Task requirements
The result should be a full, exact repeat of the entries, free of pictures.

Available records
* * * * *

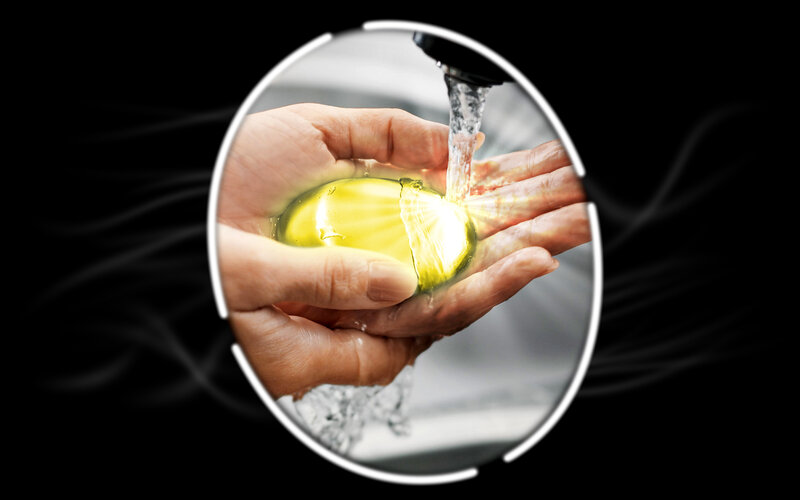 hands washing with soap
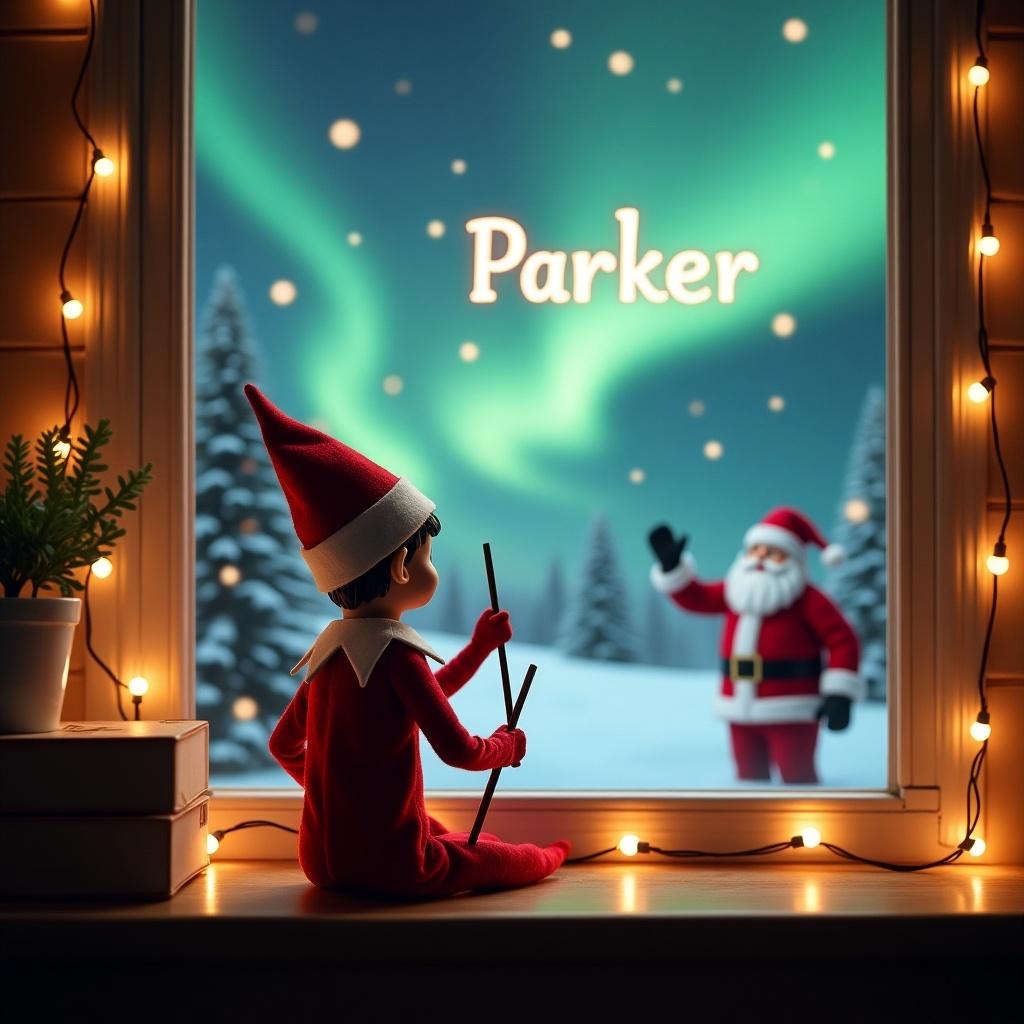 A cozy Christmas scene depicts an elf on the shelf, sitting with his back facing the viewer. He holds a wand and is creatively writing 'Parker' in the starry sky. Outside the window, a magical winter landscape unfolds with sparkling northern lights illuminating the night. In the background, Santa Claus waves cheerfully, adding to the festive atmosphere. The warmth of string lights enhances the feeling of holiday cheer, while the elf wears a traditional red suit and hat, embodying the spirit of Christmas.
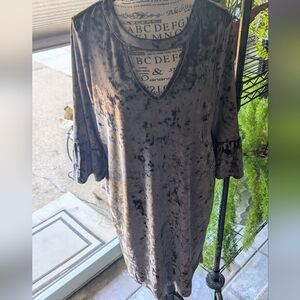 Billy T Taupe Crushed Velvet V-Neck Dress with Bell Sleeves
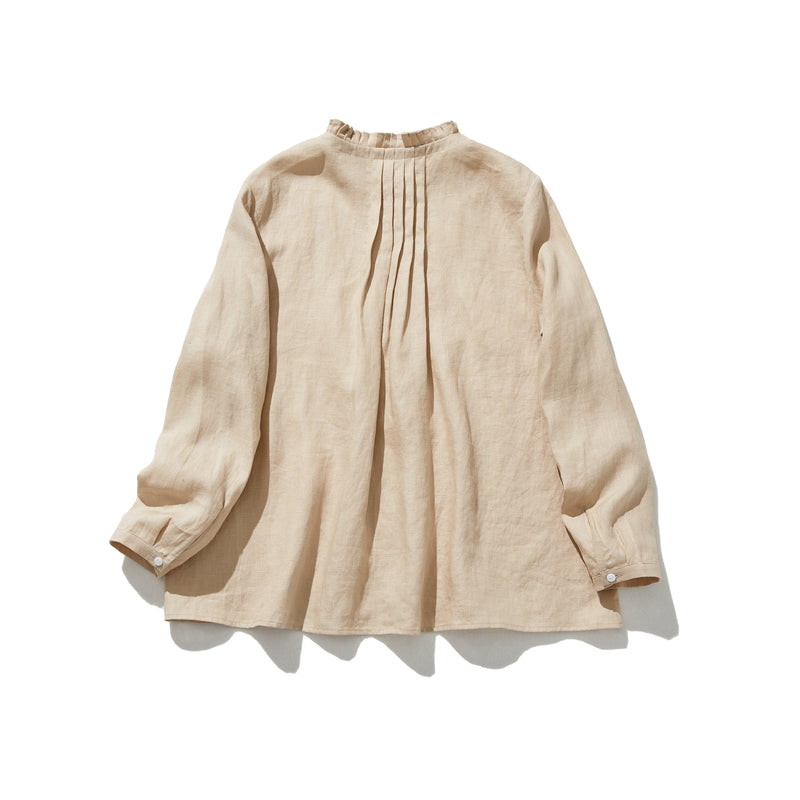 さりげなく甘い 美形ブラウス　リネン100％生地　リネンシャツブラウス　　210804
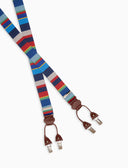 Bretella elastica unisex a righe multicolor blu - Gallo 1927 - Official Online Shop
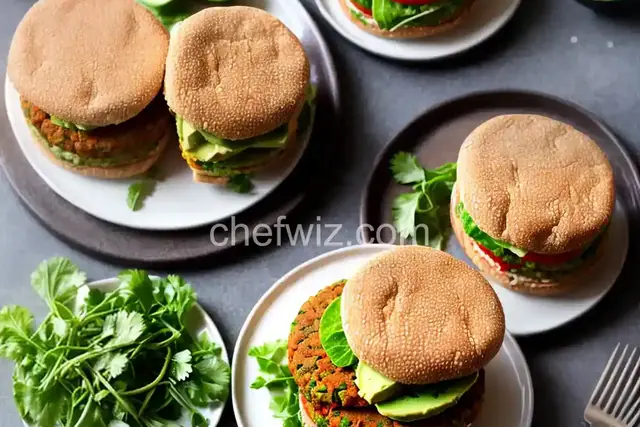 Lentil-Chickpea Veggie Burgers with Avocado Green Harissa
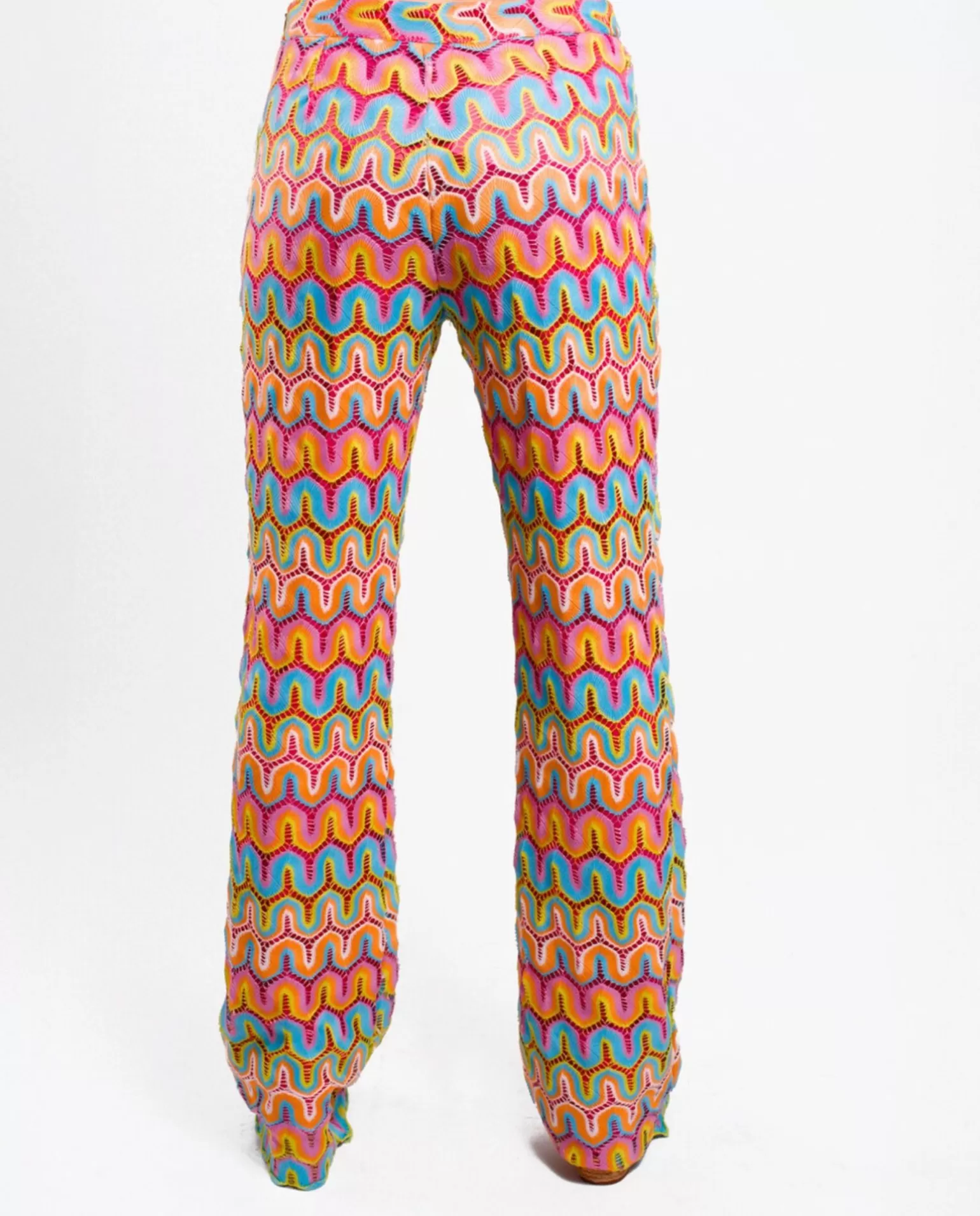 Mujer Cuplé Pantalon Campana Crochet Multicolor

* * * * *

Solution for this task
 hands washing with soap
 A cozy Christmas scene depicts an elf on the shelf, sitting with his back facing the viewer. He holds a wand and is creatively writing 'Parker' in the starry sky. Outside the window, a magical winter landscape unfolds with sparkling northern lights illuminating the night. In the background, Santa Claus waves cheerfully, adding to the festive atmosphere. The warmth of string lights enhances the feeling of holiday cheer, while the elf wears a traditional red suit and hat, embodying the spirit of Christmas.
 Billy T Taupe Crushed Velvet V-Neck Dress with Bell Sleeves
 さりげなく甘い 美形ブラウス　リネン100％生地　リネンシャツブラウス　　210804
 Bretella elastica unisex a righe multicolor blu - Gallo 1927 - Official Online Shop
 Lentil-Chickpea Veggie Burgers with Avocado Green Harissa
 Mujer Cuplé Pantalon Campana Crochet Multicolor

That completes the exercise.